As a teenager, before I started studying to become an accountant, I was a children’s party entertainer – and I continued doing this for about 25 years. When I look back I realise that I quickly learned 2 lessons that now, many years later, inform my thinking and advice to accountants.

Specialisation

I was only available to perform at the weekends and I wanted to enjoy myself. That meant focusing my attention on the children most likely to enjoy my magic shows and to respond positively to my tricks, jokes and games etc. I had come to the conclusion that 2 and 3 year olds were too young to really appreciate the magic. To them, so I felt, life itself is magic. And once the children were over 7 I felt they were too bright and more likely to challenge my presentations.

So, after a few years of learning the ropes I made clear on my business cards and yellow pages adverts(!) that ‘Marks Magic’ offered “Specialised Childrens’ Party Entertainment for 4-7 year olds”. I remember that, soon after the first such advert appeared, the number of enquiries I received each week INCREASED and I was fully booked almost every weekend.

Looking back I realise this was because parents liked the idea of engaging a specialist, someone focused on entertaining children of a certain age and someone who didn’t attempt to be all things to all people/children. By definition I wasn’t doing babyish magic or anything too sophisticated.

This lesson translates across to accountants. If you are seeking more clients you will often find it easier to attract them if prospects see you as a specialist in helping people like them, rather than ‘just another accountant’ who attempts to help anyone with everything.

Pricing

When I quoted a fee for my first booking at a childrens party in the 1970s(!) I asked for 25p per hour, before I realised that the party would only be 3 hours long.

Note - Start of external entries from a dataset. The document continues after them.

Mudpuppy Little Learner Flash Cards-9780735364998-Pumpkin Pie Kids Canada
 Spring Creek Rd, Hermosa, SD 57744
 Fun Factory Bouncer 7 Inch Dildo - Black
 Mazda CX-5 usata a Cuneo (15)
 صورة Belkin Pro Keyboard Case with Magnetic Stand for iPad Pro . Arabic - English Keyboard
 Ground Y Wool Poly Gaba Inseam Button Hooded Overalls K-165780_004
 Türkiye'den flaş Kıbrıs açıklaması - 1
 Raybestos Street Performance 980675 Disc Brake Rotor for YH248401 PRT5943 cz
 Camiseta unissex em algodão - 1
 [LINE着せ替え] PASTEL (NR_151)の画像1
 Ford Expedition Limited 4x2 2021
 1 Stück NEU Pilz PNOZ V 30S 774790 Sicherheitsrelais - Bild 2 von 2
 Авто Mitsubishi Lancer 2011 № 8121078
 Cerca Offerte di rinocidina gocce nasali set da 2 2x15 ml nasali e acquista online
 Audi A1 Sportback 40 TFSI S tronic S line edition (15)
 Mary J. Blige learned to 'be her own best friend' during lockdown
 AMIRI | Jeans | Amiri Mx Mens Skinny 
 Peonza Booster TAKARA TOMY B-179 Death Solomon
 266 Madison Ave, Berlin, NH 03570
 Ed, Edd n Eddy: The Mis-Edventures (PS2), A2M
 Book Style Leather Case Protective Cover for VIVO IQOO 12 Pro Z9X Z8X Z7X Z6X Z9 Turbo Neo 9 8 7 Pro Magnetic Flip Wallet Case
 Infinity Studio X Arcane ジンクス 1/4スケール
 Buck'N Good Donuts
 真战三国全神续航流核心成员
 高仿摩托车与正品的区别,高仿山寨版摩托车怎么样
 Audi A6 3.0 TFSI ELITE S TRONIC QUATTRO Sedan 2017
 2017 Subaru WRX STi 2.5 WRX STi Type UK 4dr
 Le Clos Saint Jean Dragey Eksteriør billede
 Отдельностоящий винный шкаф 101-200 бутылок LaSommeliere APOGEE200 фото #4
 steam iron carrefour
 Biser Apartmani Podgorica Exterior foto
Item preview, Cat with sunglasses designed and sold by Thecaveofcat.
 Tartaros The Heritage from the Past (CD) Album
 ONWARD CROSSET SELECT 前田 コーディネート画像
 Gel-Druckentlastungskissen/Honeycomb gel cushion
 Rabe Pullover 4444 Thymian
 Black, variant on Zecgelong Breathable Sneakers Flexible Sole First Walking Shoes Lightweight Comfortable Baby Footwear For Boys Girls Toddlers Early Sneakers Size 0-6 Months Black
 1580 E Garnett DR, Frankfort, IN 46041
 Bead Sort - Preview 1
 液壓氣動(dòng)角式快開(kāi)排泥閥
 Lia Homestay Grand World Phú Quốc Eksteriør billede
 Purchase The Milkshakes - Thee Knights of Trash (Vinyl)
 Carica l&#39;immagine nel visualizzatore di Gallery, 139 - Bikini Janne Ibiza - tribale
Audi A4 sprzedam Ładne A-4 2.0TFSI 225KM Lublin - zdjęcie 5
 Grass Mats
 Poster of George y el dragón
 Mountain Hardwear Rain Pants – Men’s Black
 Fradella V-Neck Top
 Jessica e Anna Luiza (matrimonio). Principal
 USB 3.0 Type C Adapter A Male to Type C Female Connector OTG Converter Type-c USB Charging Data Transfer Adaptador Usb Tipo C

I quickly realised that the mother of the child wasn’t interested in my time as such. She was only interested in having her needs met: For the duration of the party the children should be occupied, entertained, happy and safe.  She offered me a simple fixed fee of £1 for the afternoon.

Thereafter I always quoted a simple fixed fee for each party – with every element of my service fully covered by the fee.  My ‘specialisation’ helped here as did my confidence. At some point I also learned to ask the person who called (typically the mother) what she wanted from an entertainer.  The answers were all pretty similar, but the fact I asked, rather than assumed, helped me stand out. I empathised and reflected back my understanding of the mother’s objectives. Where appropriate I referenced other parties where the parents had thanked me for doing much the same as this mother was requesting. And I won almost every booking enquiry I received.

Again, this lesson translates across to accountants who charge fees for the time they spend on a client’s affairs. Few clients care how long it takes you to do their work. They are not interested in your time as such. What they want is the output that they get – the accounts, tax returns, estimates of tax payable, the peace of mind you provide as well as the confidence and trust you encourage that your advice pays for itself and that they will get what they want.

Quoting and negotiating fees with prospects is a perennial issue for accountants and one that I often address during mentoring sessions, The Inner Circle and the Sole Practitioners’ Breakthrough Programme.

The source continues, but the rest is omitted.